### GIVEN ENTRIES
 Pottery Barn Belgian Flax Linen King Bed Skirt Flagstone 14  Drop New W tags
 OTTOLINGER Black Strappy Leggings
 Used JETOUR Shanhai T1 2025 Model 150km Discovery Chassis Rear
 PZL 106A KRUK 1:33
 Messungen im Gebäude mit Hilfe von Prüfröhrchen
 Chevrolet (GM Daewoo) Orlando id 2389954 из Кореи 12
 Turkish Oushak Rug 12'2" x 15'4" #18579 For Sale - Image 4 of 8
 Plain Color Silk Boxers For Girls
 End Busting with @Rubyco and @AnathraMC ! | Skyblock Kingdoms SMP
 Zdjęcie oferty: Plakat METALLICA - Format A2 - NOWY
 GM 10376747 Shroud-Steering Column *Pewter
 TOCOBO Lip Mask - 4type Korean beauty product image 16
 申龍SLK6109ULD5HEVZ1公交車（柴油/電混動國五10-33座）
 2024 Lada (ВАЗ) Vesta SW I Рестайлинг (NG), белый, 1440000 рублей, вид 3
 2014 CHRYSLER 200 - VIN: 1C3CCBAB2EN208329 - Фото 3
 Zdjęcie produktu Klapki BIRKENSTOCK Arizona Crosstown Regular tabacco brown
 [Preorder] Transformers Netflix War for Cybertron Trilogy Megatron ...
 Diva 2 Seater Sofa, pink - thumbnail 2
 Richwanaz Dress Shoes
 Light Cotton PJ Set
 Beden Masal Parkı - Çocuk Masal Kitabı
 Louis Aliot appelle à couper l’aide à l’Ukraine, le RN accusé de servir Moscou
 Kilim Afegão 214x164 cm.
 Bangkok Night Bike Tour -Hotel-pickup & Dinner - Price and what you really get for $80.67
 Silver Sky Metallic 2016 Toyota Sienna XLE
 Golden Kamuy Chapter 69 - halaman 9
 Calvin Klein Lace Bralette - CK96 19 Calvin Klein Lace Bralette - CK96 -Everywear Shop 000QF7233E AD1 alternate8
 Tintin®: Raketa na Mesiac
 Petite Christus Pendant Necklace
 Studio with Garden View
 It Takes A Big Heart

### WHAT THE TASK ASKS
Nothing in the records above may be left out; repeat them exactly.

### WRITTEN RESPONSE
 Pottery Barn Belgian Flax Linen King Bed Skirt Flagstone 14  Drop New W tags
 OTTOLINGER Black Strappy Leggings
 Used JETOUR Shanhai T1 2025 Model 150km Discovery Chassis Rear
 PZL 106A KRUK 1:33
 Messungen im Gebäude mit Hilfe von Prüfröhrchen
 Chevrolet (GM Daewoo) Orlando id 2389954 из Кореи 12
 Turkish Oushak Rug 12'2" x 15'4" #18579 For Sale - Image 4 of 8
 Plain Color Silk Boxers For Girls
 End Busting with @Rubyco and @AnathraMC ! | Skyblock Kingdoms SMP
 Zdjęcie oferty: Plakat METALLICA - Format A2 - NOWY
 GM 10376747 Shroud-Steering Column *Pewter
 TOCOBO Lip Mask - 4type Korean beauty product image 16
 申龍SLK6109ULD5HEVZ1公交車（柴油/電混動國五10-33座）
 2024 Lada (ВАЗ) Vesta SW I Рестайлинг (NG), белый, 1440000 рублей, вид 3
 2014 CHRYSLER 200 - VIN: 1C3CCBAB2EN208329 - Фото 3
 Zdjęcie produktu Klapki BIRKENSTOCK Arizona Crosstown Regular tabacco brown
 [Preorder] Transformers Netflix War for Cybertron Trilogy Megatron ...
 Diva 2 Seater Sofa, pink - thumbnail 2
 Richwanaz Dress Shoes
 Light Cotton PJ Set
 Beden Masal Parkı - Çocuk Masal Kitabı
 Louis Aliot appelle à couper l’aide à l’Ukraine, le RN accusé de servir Moscou
 Kilim Afegão 214x164 cm.
 Bangkok Night Bike Tour -Hotel-pickup & Dinner - Price and what you really get for $80.67
 Silver Sky Metallic 2016 Toyota Sienna XLE
 Golden Kamuy Chapter 69 - halaman 9
 Calvin Klein Lace Bralette - CK96 19 Calvin Klein Lace Bralette - CK96 -Everywear Shop 000QF7233E AD1 alternate8
 Tintin®: Raketa na Mesiac
 Petite Christus Pendant Necklace
 Studio with Garden View
 It Takes A Big Heart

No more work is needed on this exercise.